====== Available data

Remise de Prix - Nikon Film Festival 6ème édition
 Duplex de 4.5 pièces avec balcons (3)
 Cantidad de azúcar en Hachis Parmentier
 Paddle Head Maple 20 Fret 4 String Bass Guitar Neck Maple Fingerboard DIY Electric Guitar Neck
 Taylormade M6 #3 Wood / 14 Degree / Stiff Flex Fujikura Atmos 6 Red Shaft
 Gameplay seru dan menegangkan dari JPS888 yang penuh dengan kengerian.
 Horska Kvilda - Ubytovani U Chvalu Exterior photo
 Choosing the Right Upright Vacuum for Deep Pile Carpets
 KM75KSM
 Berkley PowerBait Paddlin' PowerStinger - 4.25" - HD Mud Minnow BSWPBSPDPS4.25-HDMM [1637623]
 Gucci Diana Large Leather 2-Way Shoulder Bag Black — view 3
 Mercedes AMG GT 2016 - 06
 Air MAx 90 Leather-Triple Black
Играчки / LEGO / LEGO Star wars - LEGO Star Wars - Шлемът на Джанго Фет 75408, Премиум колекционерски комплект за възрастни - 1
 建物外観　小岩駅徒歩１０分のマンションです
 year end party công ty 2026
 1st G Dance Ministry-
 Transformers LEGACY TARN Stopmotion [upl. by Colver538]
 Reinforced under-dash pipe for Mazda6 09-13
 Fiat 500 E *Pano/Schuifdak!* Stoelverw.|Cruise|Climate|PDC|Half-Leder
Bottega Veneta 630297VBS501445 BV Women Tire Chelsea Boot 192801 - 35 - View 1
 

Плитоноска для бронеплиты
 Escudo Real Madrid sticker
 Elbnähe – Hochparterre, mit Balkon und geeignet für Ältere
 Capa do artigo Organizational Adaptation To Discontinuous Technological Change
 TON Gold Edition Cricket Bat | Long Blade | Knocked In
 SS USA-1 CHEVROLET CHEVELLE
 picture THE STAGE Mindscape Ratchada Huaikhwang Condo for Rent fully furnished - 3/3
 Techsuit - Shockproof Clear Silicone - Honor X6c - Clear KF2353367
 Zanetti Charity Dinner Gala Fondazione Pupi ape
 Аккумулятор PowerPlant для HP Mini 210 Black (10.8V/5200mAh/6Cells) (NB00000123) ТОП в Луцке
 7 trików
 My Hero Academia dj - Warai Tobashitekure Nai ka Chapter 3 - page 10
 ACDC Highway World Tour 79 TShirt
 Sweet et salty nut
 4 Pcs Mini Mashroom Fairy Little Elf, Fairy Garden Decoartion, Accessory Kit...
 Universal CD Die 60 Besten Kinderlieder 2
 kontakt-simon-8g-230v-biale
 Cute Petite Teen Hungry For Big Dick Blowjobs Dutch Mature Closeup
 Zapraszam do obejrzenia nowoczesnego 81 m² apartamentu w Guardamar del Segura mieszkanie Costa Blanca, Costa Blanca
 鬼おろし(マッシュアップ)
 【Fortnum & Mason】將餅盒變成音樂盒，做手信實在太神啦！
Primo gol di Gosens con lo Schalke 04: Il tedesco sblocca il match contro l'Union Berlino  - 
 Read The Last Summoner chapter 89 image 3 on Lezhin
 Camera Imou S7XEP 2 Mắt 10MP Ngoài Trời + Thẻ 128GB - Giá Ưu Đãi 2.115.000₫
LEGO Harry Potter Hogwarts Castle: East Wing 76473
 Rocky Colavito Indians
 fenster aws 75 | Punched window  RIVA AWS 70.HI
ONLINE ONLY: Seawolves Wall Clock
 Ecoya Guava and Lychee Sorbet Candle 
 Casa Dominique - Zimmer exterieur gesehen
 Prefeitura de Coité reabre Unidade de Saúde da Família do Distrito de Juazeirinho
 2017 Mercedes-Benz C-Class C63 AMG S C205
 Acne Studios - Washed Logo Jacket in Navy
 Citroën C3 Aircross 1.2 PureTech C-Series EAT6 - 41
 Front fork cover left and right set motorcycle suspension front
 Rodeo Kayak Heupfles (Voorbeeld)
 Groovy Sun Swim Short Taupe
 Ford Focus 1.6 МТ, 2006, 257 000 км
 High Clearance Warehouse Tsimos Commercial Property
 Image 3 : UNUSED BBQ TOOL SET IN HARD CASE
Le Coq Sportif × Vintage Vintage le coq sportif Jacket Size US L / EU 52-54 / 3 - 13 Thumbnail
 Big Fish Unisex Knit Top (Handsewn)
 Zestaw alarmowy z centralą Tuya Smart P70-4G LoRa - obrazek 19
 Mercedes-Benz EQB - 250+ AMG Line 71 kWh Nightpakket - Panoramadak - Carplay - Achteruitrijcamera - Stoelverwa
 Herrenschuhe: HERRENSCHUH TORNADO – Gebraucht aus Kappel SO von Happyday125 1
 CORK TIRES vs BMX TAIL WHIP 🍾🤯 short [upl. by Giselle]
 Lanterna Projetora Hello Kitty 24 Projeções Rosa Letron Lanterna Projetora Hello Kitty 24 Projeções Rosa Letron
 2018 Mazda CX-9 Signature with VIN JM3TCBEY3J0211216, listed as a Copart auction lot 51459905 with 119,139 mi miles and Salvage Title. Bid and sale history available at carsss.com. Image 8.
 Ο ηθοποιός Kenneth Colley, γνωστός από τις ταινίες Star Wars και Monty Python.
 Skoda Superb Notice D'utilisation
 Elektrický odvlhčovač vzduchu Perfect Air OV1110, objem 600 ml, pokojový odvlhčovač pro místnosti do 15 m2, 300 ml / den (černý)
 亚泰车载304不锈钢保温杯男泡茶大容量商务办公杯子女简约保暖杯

============

The answer must be every line of the data that holds the word "Wars".

◆ Solution for this task
Играчки / LEGO / LEGO Star wars - LEGO Star Wars - Шлемът на Джанго Фет 75408, Премиум колекционерски комплект за възрастни - 1
 Ο ηθοποιός Kenneth Colley, γνωστός από τις ταινίες Star Wars και Monty Python.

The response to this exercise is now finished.